**TASK**: One part of the entries below is wanted: the lines from the one containing "Pump works good" through the one containing "Google Pixel 8a runs". Write those out exactly and nothing else.

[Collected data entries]
--------------------
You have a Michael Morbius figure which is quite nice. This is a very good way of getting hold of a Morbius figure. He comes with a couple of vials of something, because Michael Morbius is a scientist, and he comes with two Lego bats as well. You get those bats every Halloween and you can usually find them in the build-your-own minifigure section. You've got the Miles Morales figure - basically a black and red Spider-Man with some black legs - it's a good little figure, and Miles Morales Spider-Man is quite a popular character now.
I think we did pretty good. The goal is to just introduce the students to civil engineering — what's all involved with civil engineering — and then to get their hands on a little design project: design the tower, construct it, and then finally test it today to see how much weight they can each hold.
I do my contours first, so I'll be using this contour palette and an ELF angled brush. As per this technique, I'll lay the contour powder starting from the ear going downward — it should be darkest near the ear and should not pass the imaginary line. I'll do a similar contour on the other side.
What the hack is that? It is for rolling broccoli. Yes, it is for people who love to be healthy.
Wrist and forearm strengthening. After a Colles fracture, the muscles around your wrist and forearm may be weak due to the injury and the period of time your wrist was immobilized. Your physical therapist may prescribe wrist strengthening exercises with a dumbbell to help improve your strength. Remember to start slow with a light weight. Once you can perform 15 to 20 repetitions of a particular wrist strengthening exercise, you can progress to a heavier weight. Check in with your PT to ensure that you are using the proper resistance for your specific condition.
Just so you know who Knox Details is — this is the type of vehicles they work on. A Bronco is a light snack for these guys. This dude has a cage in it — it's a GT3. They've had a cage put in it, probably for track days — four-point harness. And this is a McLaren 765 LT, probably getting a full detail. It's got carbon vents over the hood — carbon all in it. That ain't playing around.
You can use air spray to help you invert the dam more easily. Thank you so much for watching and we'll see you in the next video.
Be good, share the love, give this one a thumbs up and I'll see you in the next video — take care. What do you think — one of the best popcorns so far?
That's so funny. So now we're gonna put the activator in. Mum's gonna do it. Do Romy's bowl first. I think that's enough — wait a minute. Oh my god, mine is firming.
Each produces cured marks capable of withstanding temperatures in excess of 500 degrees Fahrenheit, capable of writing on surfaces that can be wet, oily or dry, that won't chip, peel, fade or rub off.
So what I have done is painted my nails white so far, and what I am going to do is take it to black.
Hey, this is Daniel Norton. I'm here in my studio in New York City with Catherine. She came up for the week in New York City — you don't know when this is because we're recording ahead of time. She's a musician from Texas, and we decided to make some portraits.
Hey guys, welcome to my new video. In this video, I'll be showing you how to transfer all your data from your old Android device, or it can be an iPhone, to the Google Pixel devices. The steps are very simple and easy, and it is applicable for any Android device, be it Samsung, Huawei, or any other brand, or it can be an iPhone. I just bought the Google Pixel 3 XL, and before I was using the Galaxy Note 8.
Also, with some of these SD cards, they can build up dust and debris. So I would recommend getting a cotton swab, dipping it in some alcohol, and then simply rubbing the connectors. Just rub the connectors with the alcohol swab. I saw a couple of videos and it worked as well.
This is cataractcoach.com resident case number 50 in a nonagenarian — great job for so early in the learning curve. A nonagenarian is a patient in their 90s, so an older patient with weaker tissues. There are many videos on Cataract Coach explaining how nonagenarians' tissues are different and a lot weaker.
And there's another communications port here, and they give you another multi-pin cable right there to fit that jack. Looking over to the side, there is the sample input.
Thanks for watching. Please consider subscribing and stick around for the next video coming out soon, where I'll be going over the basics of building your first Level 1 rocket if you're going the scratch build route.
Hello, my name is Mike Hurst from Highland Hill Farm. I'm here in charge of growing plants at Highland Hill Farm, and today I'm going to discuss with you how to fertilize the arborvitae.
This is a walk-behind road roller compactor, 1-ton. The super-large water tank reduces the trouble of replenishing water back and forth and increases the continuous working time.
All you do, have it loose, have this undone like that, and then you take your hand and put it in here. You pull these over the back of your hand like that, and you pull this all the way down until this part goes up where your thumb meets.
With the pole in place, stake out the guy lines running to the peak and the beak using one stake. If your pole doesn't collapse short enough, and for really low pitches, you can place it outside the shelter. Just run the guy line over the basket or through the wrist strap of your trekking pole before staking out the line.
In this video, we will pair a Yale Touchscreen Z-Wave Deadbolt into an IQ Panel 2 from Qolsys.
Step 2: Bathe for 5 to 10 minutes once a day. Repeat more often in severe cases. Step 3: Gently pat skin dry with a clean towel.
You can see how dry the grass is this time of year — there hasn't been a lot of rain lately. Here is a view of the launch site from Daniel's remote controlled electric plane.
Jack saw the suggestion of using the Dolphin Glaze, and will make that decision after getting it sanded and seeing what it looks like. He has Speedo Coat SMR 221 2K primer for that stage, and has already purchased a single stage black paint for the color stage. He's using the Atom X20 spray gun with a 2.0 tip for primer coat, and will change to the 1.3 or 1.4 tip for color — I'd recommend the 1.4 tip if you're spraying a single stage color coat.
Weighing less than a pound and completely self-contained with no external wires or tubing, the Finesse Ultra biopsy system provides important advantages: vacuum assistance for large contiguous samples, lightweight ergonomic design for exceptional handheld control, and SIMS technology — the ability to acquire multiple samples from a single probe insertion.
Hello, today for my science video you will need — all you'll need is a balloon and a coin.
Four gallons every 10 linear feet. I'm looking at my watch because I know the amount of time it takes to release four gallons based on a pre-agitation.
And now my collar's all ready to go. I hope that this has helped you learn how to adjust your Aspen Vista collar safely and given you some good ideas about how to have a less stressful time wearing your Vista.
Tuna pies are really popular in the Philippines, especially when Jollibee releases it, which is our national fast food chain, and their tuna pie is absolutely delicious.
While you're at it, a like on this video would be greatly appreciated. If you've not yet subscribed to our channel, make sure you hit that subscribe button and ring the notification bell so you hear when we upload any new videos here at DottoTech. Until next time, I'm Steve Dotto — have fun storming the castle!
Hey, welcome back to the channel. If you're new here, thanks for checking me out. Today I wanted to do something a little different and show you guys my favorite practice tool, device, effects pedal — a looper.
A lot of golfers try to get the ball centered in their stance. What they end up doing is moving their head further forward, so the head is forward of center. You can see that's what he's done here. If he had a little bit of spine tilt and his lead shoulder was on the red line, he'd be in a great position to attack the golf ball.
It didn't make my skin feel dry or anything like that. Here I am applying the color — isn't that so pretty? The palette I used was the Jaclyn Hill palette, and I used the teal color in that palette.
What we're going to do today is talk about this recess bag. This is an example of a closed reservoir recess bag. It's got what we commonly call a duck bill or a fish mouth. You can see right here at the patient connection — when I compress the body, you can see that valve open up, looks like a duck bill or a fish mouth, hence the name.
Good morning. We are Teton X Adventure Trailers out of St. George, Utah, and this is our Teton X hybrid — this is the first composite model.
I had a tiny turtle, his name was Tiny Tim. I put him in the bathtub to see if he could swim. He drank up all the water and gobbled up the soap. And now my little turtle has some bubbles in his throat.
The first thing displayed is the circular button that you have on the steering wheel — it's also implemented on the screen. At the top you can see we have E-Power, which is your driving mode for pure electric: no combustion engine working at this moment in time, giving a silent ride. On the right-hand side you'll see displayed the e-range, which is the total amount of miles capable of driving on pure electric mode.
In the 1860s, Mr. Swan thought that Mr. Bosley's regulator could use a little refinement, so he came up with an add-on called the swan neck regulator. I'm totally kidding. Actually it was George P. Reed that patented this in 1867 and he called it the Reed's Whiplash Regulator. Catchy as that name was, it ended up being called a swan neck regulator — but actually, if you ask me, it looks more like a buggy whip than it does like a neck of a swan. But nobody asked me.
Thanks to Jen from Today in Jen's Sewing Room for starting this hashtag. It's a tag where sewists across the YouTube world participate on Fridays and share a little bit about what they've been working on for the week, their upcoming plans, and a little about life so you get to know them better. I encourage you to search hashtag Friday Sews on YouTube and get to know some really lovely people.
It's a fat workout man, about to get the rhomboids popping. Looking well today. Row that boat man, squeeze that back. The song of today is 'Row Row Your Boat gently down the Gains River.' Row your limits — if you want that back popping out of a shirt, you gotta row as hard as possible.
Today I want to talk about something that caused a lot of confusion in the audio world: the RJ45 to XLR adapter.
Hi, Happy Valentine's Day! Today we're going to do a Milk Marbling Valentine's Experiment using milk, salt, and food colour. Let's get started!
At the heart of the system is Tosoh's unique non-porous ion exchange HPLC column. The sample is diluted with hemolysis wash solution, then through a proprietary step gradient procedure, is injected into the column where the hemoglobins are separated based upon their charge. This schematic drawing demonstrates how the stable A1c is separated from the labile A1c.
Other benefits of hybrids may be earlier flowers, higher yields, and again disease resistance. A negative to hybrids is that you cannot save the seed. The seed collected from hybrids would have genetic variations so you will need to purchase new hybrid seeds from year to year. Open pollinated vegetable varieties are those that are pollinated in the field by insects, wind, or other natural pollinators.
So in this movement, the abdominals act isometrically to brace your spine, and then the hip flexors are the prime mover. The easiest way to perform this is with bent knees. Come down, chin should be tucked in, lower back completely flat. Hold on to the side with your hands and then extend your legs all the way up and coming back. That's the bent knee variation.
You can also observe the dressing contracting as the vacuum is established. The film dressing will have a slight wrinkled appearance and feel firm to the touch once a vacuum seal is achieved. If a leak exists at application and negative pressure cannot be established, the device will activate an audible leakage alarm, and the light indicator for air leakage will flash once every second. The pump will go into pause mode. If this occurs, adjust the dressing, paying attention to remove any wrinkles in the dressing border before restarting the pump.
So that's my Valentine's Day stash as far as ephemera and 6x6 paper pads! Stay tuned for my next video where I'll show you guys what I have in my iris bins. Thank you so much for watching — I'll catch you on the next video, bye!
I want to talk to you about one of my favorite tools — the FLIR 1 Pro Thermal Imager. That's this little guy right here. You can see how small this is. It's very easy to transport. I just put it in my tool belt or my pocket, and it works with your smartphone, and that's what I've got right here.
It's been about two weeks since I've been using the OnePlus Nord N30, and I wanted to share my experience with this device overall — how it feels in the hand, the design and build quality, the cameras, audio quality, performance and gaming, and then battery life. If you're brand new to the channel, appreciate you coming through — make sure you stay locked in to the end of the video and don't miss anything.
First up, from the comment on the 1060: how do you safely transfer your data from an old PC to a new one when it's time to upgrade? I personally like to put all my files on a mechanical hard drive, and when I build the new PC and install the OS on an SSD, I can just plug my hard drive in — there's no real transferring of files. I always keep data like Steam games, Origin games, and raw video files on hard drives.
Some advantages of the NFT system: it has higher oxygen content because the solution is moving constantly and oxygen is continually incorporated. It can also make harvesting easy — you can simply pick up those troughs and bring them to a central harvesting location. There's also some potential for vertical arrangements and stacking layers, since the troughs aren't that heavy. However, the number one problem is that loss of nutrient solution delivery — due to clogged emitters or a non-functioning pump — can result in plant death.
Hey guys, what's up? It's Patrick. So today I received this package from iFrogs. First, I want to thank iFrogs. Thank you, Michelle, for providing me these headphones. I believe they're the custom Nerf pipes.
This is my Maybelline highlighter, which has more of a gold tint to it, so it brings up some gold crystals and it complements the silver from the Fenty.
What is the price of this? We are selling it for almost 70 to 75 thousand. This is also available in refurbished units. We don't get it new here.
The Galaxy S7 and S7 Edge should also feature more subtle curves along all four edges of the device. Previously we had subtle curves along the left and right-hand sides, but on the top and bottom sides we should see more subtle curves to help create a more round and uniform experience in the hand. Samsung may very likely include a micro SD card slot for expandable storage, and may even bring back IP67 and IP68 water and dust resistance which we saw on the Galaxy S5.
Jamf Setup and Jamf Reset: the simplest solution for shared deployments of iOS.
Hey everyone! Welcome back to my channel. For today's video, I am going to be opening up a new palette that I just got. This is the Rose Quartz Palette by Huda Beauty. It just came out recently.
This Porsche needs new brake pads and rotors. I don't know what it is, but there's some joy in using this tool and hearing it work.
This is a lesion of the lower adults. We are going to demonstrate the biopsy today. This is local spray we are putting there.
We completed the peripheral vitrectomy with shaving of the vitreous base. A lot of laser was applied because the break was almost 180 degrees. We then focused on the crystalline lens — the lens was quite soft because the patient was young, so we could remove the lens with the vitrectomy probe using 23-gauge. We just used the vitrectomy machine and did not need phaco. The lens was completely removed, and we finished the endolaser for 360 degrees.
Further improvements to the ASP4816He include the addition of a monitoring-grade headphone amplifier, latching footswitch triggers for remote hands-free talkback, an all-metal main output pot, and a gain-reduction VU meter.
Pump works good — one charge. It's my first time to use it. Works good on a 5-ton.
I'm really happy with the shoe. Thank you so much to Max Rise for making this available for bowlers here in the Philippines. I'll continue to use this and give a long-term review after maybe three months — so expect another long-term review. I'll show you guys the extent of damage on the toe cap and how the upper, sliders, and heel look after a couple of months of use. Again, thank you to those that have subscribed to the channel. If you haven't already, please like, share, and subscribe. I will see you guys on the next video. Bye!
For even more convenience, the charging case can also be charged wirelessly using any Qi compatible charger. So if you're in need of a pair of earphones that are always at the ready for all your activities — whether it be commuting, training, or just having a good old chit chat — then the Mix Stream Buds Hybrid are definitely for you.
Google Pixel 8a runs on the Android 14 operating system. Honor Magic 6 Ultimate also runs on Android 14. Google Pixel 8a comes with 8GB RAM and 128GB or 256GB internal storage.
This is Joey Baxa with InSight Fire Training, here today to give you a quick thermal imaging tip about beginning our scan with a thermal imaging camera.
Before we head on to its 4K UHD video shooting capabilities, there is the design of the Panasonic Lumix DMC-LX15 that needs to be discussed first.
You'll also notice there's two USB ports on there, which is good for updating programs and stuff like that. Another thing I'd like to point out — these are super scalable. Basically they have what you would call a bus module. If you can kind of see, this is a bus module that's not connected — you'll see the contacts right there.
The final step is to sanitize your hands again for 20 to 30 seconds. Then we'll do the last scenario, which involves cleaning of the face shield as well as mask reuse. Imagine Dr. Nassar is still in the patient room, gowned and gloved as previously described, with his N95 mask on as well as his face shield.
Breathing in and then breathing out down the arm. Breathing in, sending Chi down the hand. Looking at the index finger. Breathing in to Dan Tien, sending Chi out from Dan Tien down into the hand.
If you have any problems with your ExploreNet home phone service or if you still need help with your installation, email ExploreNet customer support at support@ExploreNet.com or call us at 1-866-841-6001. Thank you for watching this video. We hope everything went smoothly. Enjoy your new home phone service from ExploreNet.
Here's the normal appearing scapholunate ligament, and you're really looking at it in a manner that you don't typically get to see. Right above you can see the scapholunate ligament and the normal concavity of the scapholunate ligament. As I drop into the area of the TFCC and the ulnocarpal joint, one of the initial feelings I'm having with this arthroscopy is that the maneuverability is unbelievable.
--------------------
**RESPONSE**:
Pump works good — one charge. It's my first time to use it. Works good on a 5-ton.
I'm really happy with the shoe. Thank you so much to Max Rise for making this available for bowlers here in the Philippines. I'll continue to use this and give a long-term review after maybe three months — so expect another long-term review. I'll show you guys the extent of damage on the toe cap and how the upper, sliders, and heel look after a couple of months of use. Again, thank you to those that have subscribed to the channel. If you haven't already, please like, share, and subscribe. I will see you guys on the next video. Bye!
For even more convenience, the charging case can also be charged wirelessly using any Qi compatible charger. So if you're in need of a pair of earphones that are always at the ready for all your activities — whether it be commuting, training, or just having a good old chit chat — then the Mix Stream Buds Hybrid are definitely for you.
Google Pixel 8a runs on the Android 14 operating system. Honor Magic 6 Ultimate also runs on Android 14. Google Pixel 8a comes with 8GB RAM and 128GB or 256GB internal storage.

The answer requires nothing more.